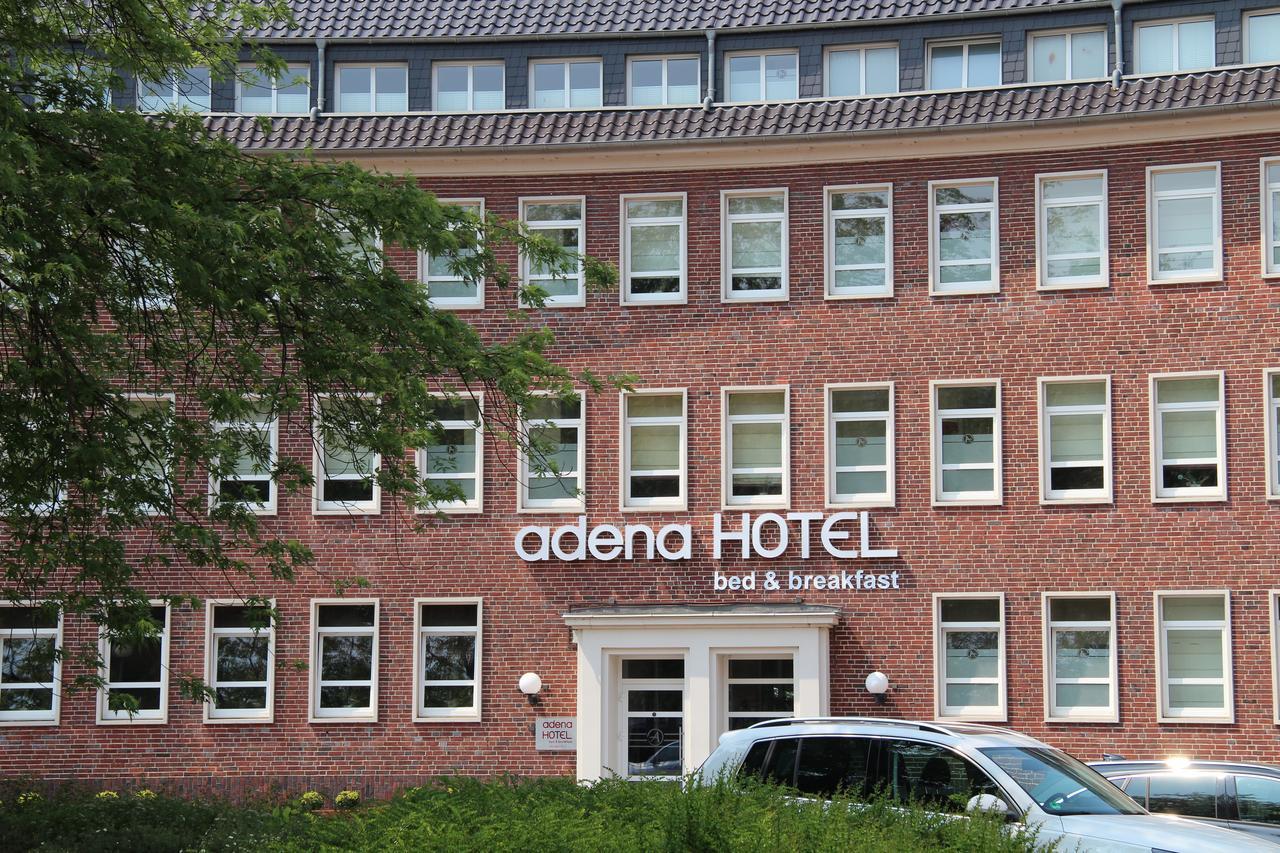 Adena Hotel Bremerhaven Kültér fotó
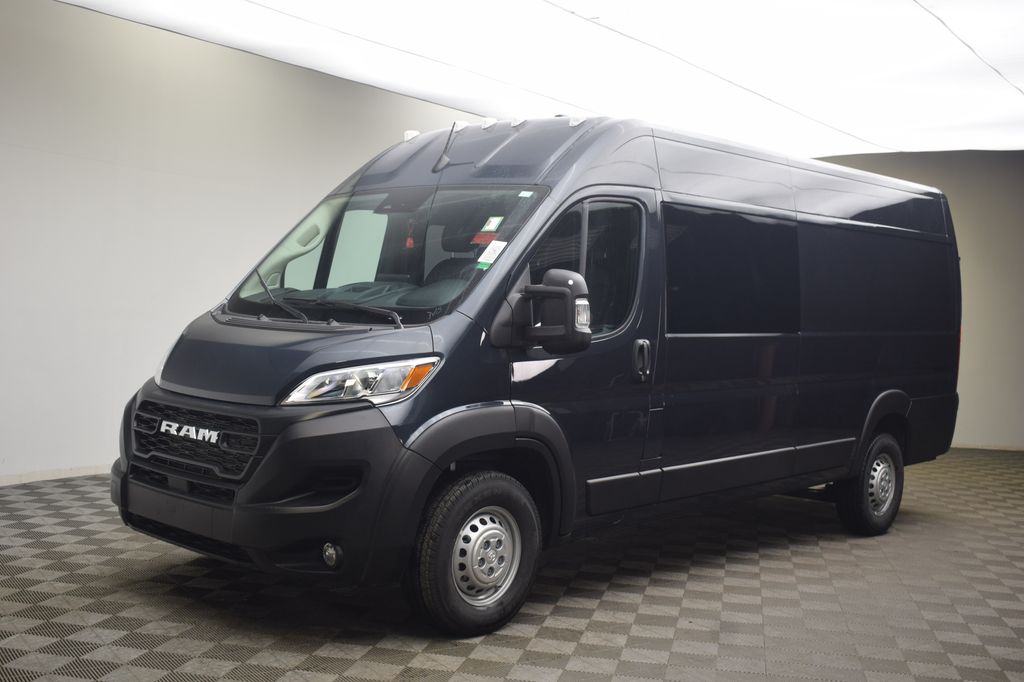new 2026 Ram ProMaster 3500 car, priced at $61,340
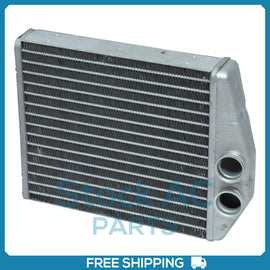 A/C Heater Core for 03-11 Saab 9-3 L4 2.0L V6 2.8L / 10-11 9-3X L4 2.0L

● **ABOUT THIS TASK**
Please repeat every line from the listing above exactly as it appears. Drop the pictures.

● **SOLUTION TO THIS TASK**
 Adena Hotel Bremerhaven Kültér fotó
new 2026 Ram ProMaster 3500 car, priced at $61,340
 A/C Heater Core for 03-11 Saab 9-3 L4 2.0L V6 2.8L / 10-11 9-3X L4 2.0L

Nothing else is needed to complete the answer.